While most of the books I've been watching under the five have increased in price, _The Wilderness Warrior_ actually went down from $19.24 to $16.99. I mean, that's still ridiculously high when the pb is $13.49, but it's interesting.


----------



## Magenta (Jun 6, 2009)

Go Amazon!!! Nothing like full disclosure.


----------



## luvmy4brats (Nov 9, 2008)

Not only are they adding all of this now, but prices are jumping. About 30 minutes ago *Little Bee: A Novel* by Chris Cleve was $8.40 (same price as the paperback) and it did not have the _price set by publisher_ tag, it's now $9.99 and the tag is there.


----------



## Magenta (Jun 6, 2009)

luvmy4brats said:


> Not only are they adding all of this now, but prices are jumping. About 30 minutes ago *Little Bee: A Novel* by Chris Cleve was $8.40 (same price as the paperback) and it did not have the _price set by publisher_ tag, it's now $9.99 and the tag is there.


Well, so many kindlers have been saying the $9.99 price is the acceptable threshold. However, it makes NO sense to sell a kindle book at a price higher than the paperback.

I just keep putting these books on my shopping list. I can wait for a long time for the prices to drop.


----------



## Jesslyn (Oct 29, 2008)

Geoffrey said:


> I wondered how Amazon was going to display agency model prices - if they were going to highlight that they are no longer setting prices.
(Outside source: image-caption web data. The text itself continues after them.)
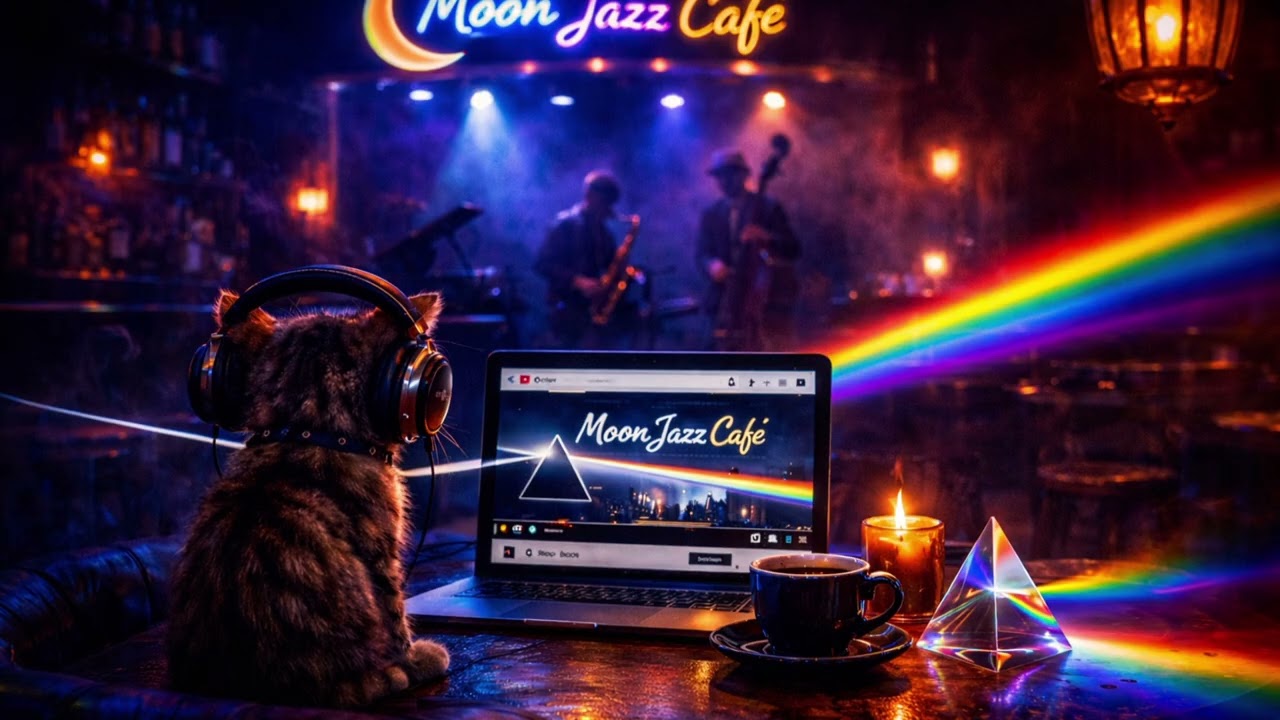 Atmospheric Blues Guitar – Dreamy Relaxing Instrumental 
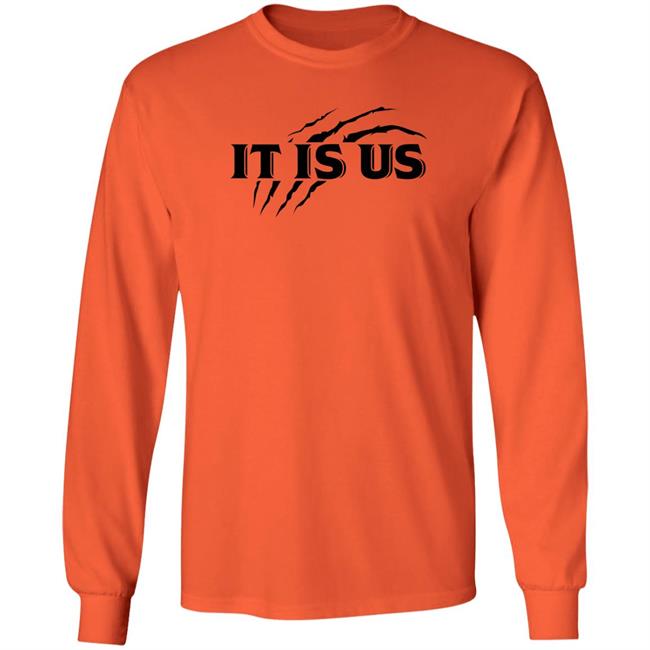 Cincinnati Bengals It Is Us Shirt Jeff Wallner Cincinnati Bengals It Is Us Shirt Jeff Wallner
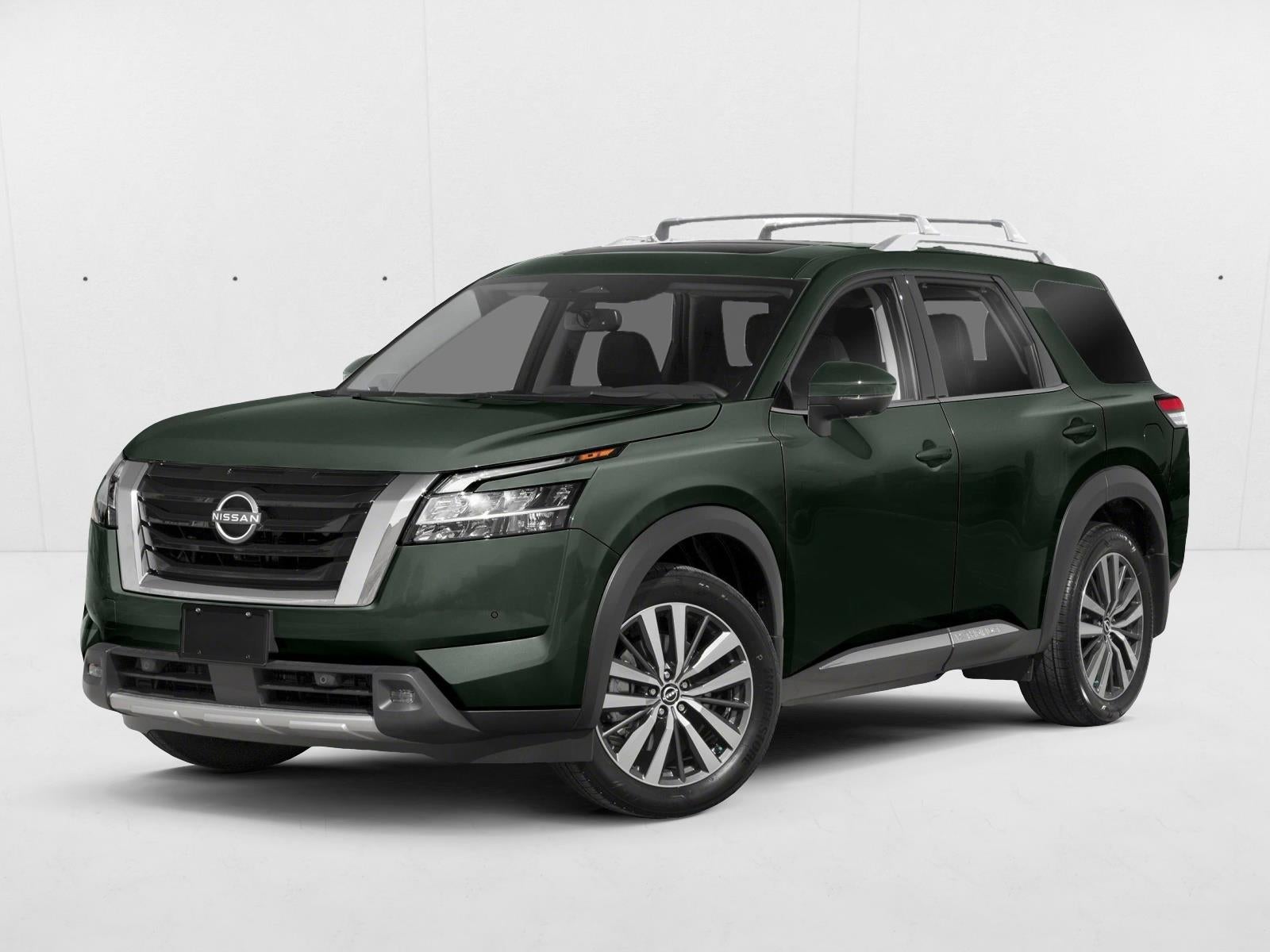 2023 Nissan Pathfinder Platinum 4WD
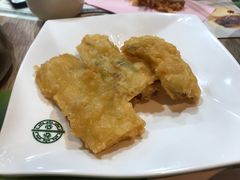 鲜虾腐皮卷-添好运点心专门店(中环IFC店)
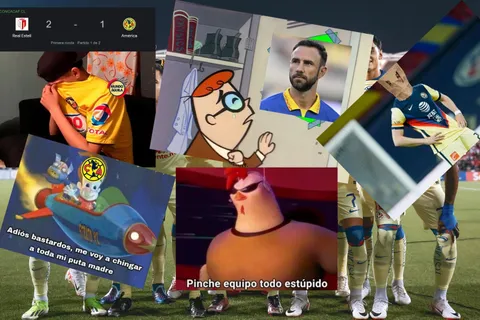 Concachampions: los memes destrozaron al América tras perder ante Real Estelí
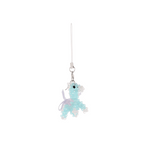 SWINGSET | Ponytail Phone String (Sky Blue)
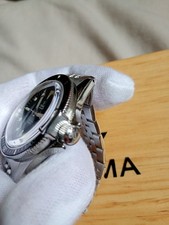 Montre De Plongée Vintage - Pour Pièces Détachées Ou Décoration - Occasion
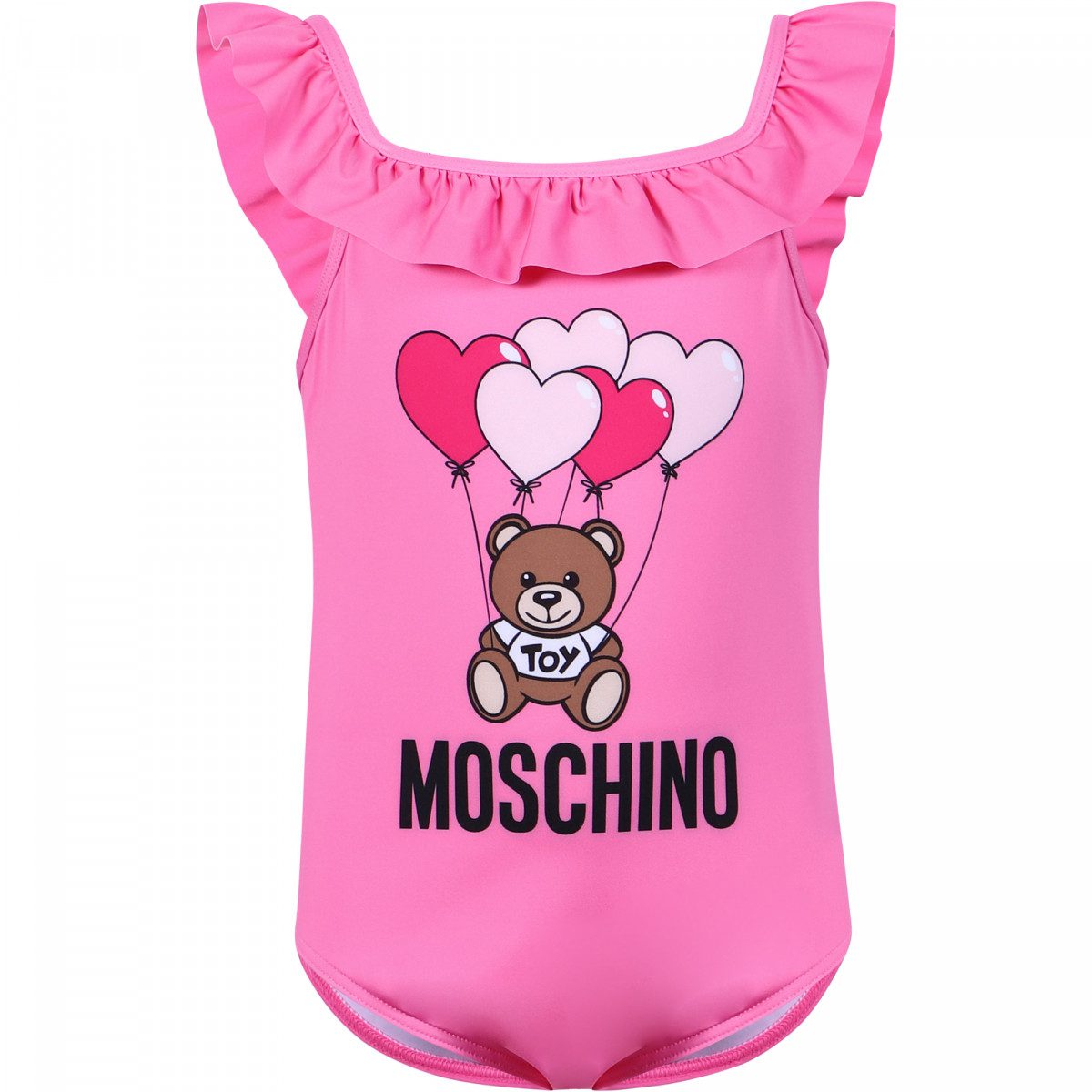 Moschino Baby Swimsuit MDL00C - Little 
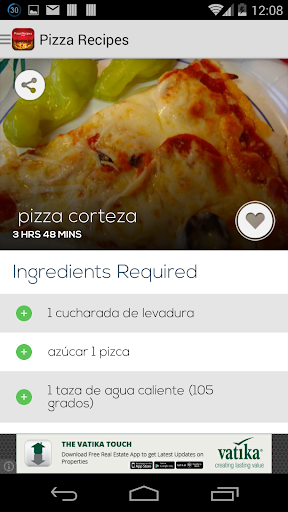 免費下載娛樂APP|피자 요리법 무료 app開箱文|APP開箱王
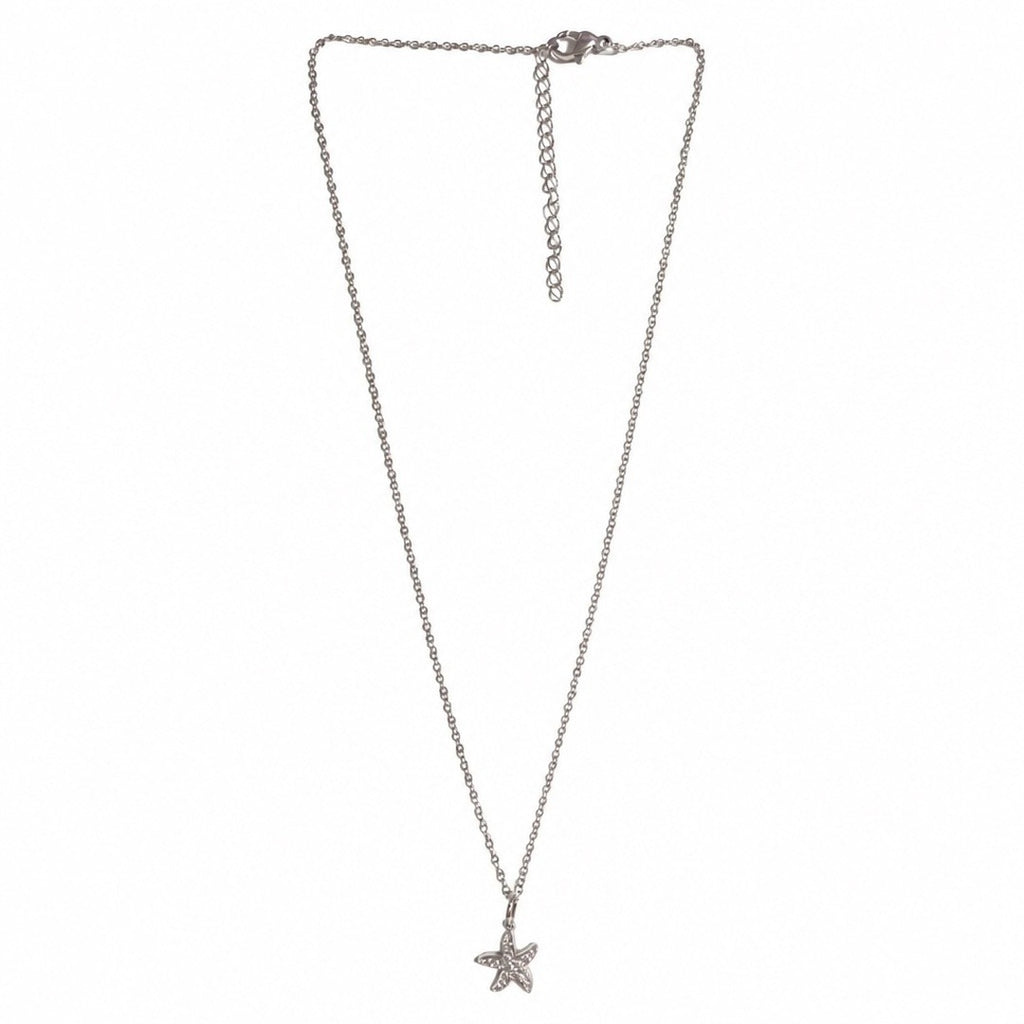 Starfish Pendant Necklace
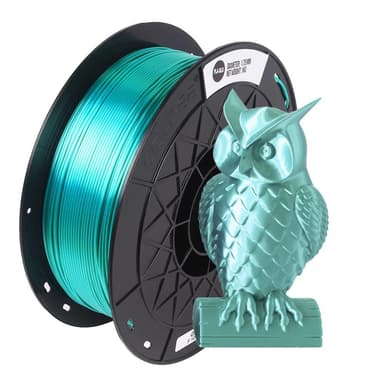 SILK PLA 1.75 mm 1 kg Orange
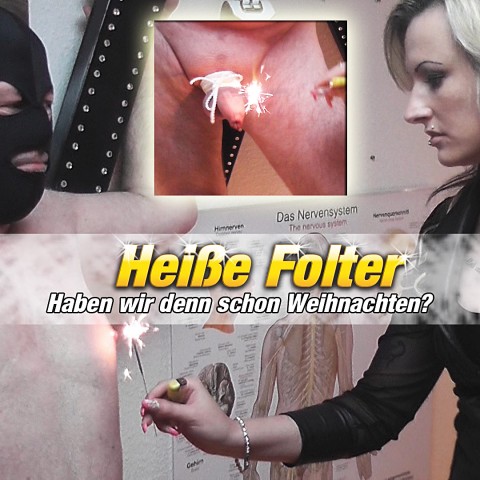 Heiße Folter! Haben wir denn schon Weihnachten?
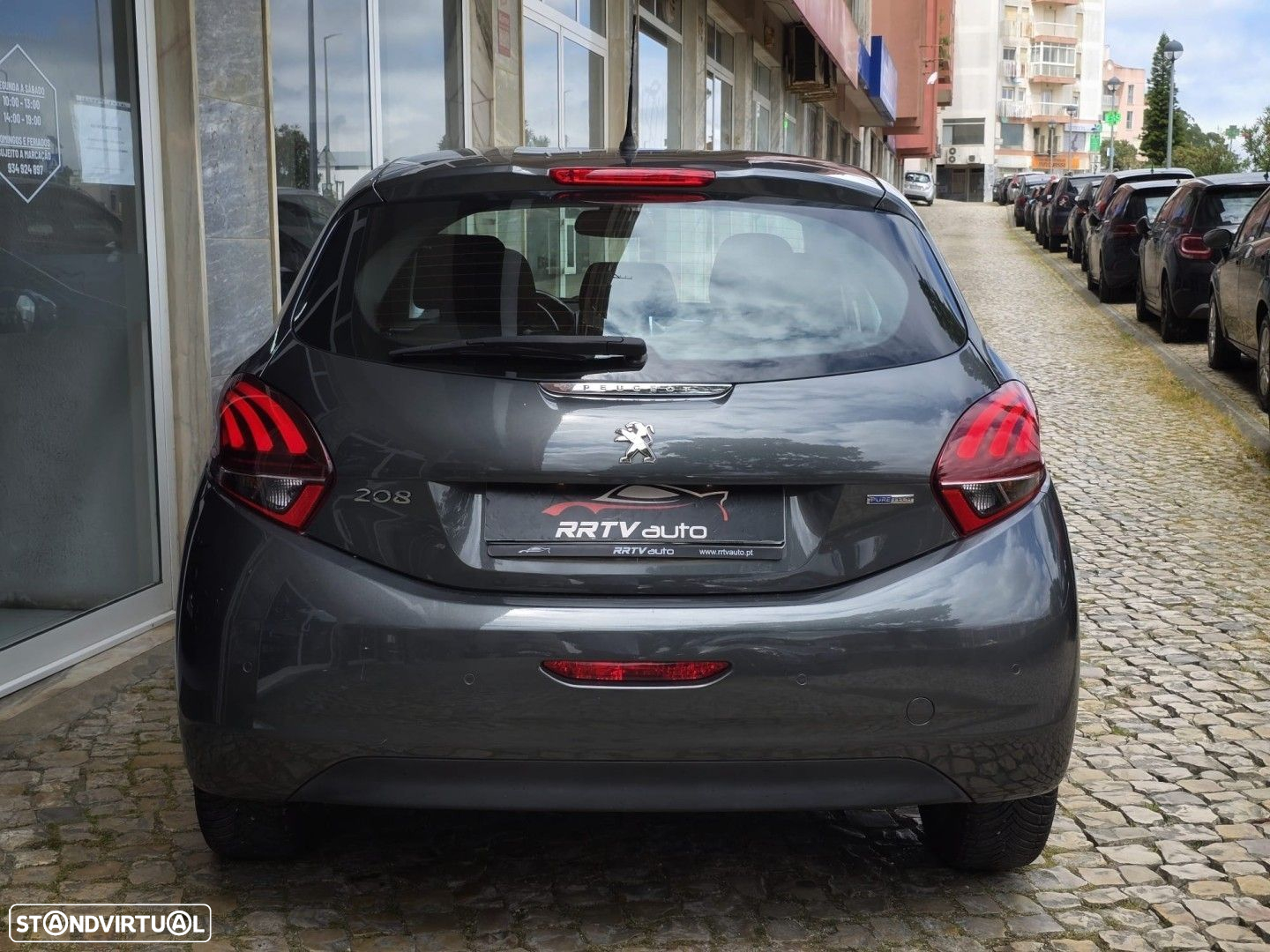 Peugeot 208 1.2 PureTech Allure EAT6 - 20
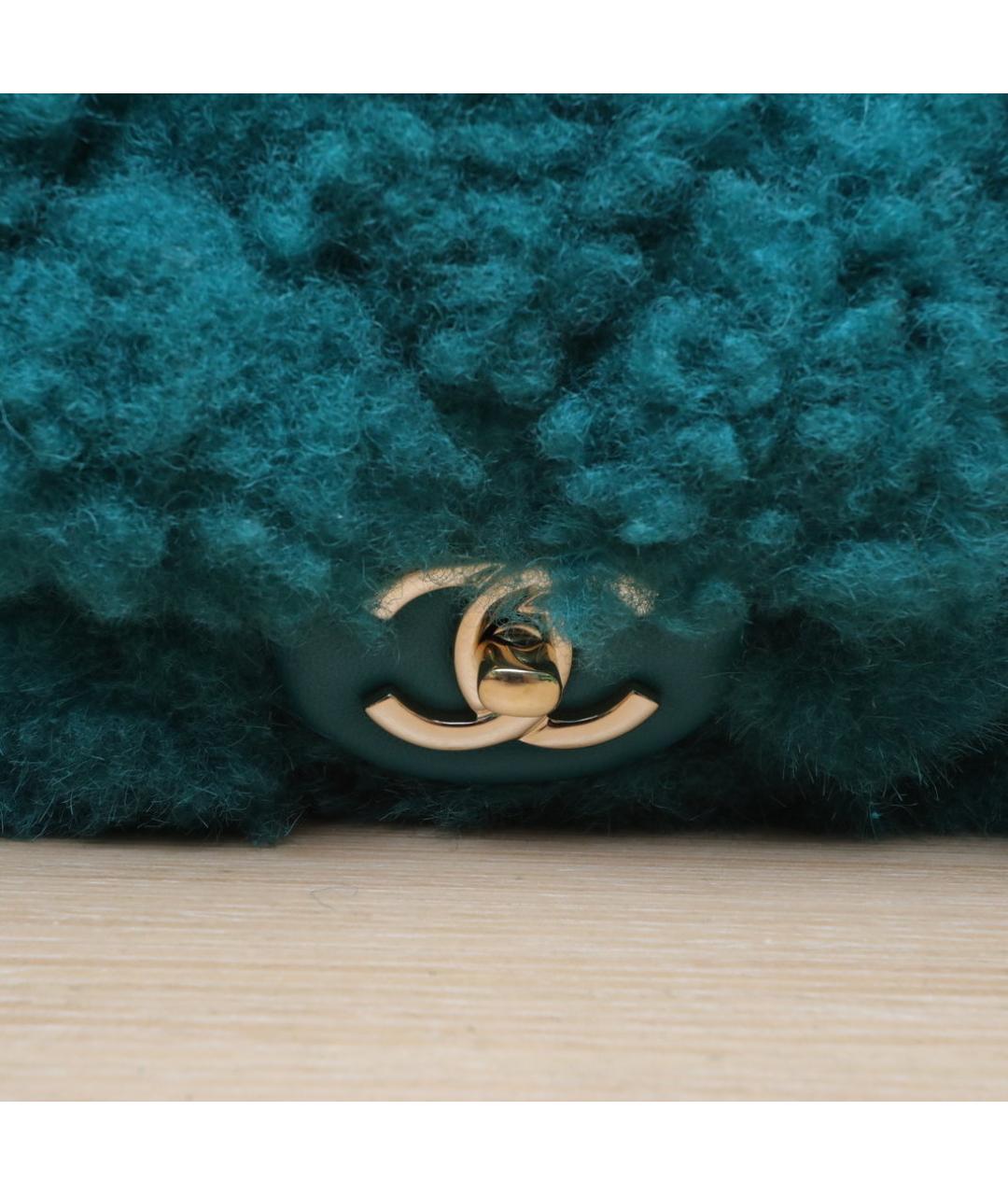 CHANEL Сумка через плечо, фото 7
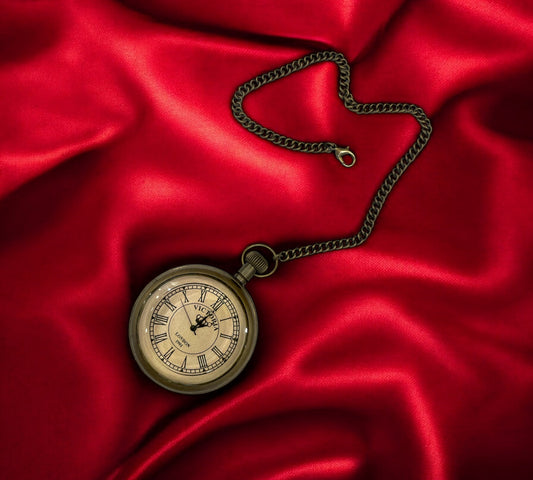 Pocket Watch - Victoria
Well, now I know:
> 
> 
> 
> ...


Snicker...per Len Edgerly of The Kindle Chronicles, the price is NOW $9.99--I checked it too. *Love *how they moved the price out of the Amazon price column.


----------



## dnagirl (Oct 21, 2009)

Well done, Amazon.


----------



## luvmy4brats (Nov 9, 2008)

Jesslyn said:


> *Love *how they moved the price out of the Amazon price column.


YES!!! BWAHAHAHAHA!

Amazon is making themselves loud and clear that this is NOT their idea.

On a side note- I'm glad I purchased *Saving CeeCee Honeycutt* yesterday for $9.99 because it's $12.99 today <sigh>


----------



## VictoriaP (Mar 1, 2009)

Love love love the way Amazon is making this distinction!  It's going to be incredibly obvious which publishers are trying to overcharge.


----------



## Pirate (Jul 5, 2009)

When I see pricing changes like these, I check to see it I can get it used. If so I order it from a used book seller. Hurts the author but no one said life was fair.


----------



## MAGreen (Jan 5, 2009)

WTG Amazon! This will make book buying decisions soooo much easier!


----------



## dablab (Feb 10, 2009)

Starting today and continuing on I plan on emailing publishers of books that I am interested in if they follow this pricing plan.  If the book is above the paperback price I will not buy it.  I have already emailed some publishers.  I have purchased many more books than ever before since getting my kindle and have an extensive TBR list to keep me busy or I will get the book for free at the library.  Maybe if more people start contacting them and their sales drop they will get the message.  Poor publicity and decreased sales should make a point.


----------



## luvmy4brats (Nov 9, 2008)

I fully intend to contact both the publisher and author each time I do not purchase a book because of pricing. Especially in situations where the ebook is priced higher than the paper book.I think Amazon is counting on that which is why they put the publisher information in a very visible spot now.


----------



## Starearedkid (Jan 25, 2010)

I only wish B&N would do this on their site. Most of the books I read, I do know their publishers--but it would still be nice and clear that the price was set by the publishers.


----------



## Anne (Oct 29, 2008)

luvmy4brats said:


> I fully intend to contact both the publisher and author each time I do not purchase a book because of pricing. Especially in situations where the ebook is priced higher than the paper book.I think Amazon is counting on that which is why they put the publisher information in a very visible spot now.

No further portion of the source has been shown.